* [Goal of the exercise] Starting at the line that contains "Hey everyone, welcome", reproduce every line through the end of the entries below, with no pictures in the copy.

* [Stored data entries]
════════════════

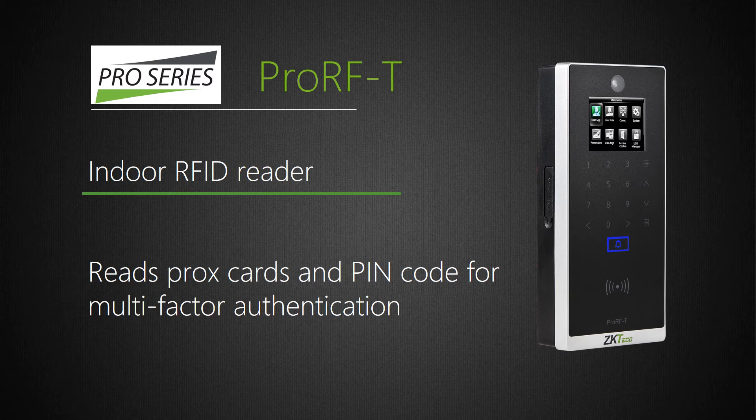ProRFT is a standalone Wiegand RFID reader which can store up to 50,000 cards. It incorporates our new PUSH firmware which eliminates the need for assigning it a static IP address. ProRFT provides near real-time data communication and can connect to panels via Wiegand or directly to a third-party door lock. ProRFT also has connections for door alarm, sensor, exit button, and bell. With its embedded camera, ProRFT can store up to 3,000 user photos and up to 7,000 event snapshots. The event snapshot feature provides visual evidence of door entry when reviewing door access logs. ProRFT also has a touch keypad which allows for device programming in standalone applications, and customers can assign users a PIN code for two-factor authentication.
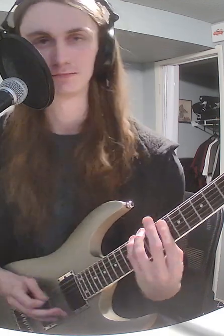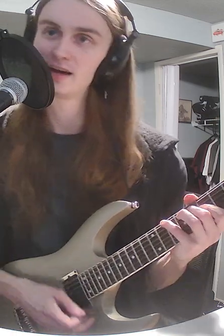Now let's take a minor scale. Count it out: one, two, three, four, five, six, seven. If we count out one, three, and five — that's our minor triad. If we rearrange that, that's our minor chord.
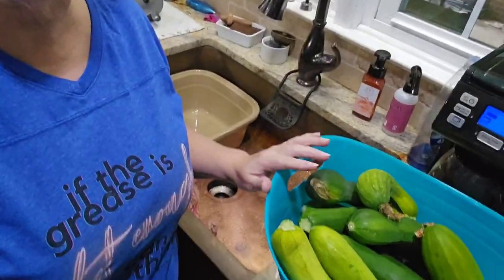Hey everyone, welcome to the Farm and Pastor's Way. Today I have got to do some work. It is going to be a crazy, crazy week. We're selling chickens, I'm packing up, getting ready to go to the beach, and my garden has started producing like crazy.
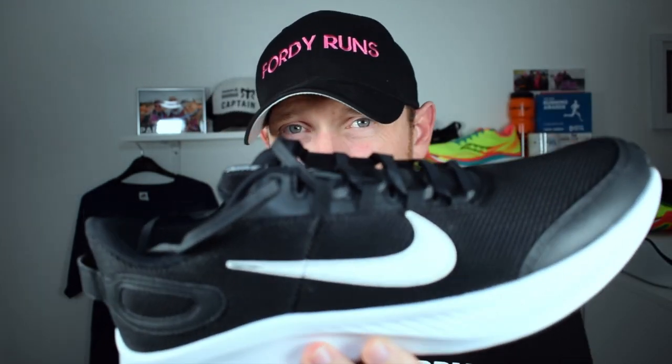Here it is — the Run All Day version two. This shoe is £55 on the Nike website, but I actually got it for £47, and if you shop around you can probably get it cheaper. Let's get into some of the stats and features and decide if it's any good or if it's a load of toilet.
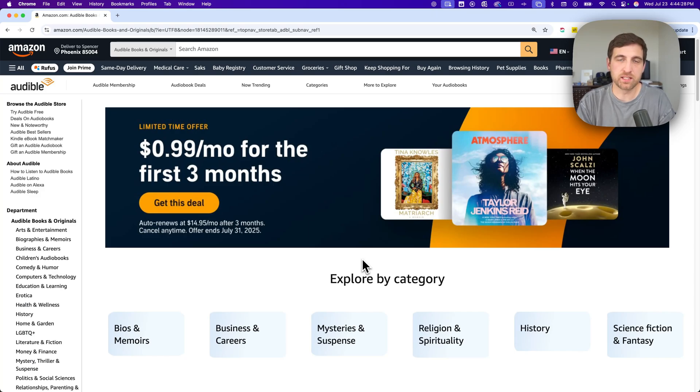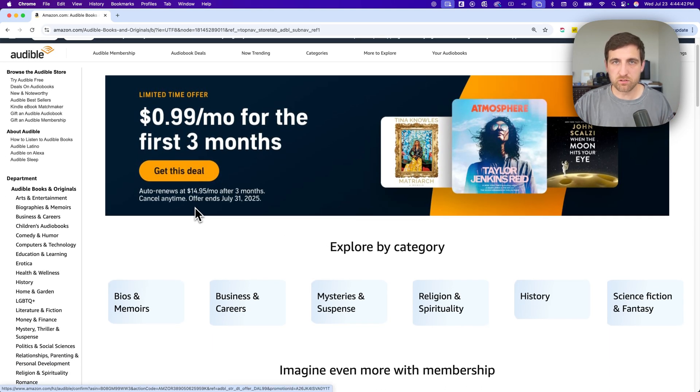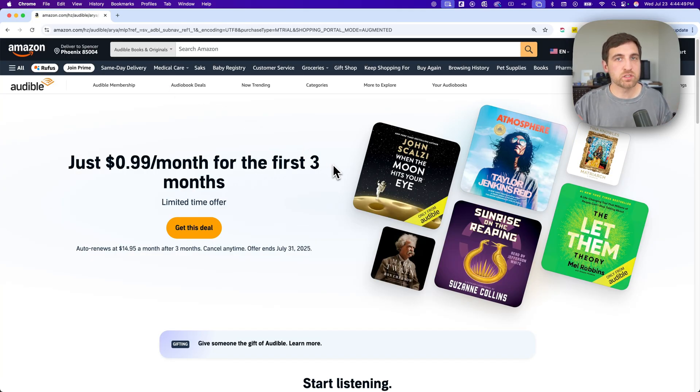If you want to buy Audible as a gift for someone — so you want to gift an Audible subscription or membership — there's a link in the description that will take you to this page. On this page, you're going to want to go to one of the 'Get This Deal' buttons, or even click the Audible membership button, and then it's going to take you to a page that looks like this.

════════════════

* [Solution]
Hey everyone, welcome to the Farm and Pastor's Way. Today I have got to do some work. It is going to be a crazy, crazy week. We're selling chickens, I'm packing up, getting ready to go to the beach, and my garden has started producing like crazy.
Here it is — the Run All Day version two. This shoe is £55 on the Nike website, but I actually got it for £47, and if you shop around you can probably get it cheaper. Let's get into some of the stats and features and decide if it's any good or if it's a load of toilet.
If you want to buy Audible as a gift for someone — so you want to gift an Audible subscription or membership — there's a link in the description that will take you to this page. On this page, you're going to want to go to one of the 'Get This Deal' buttons, or even click the Audible membership button, and then it's going to take you to a page that looks like this.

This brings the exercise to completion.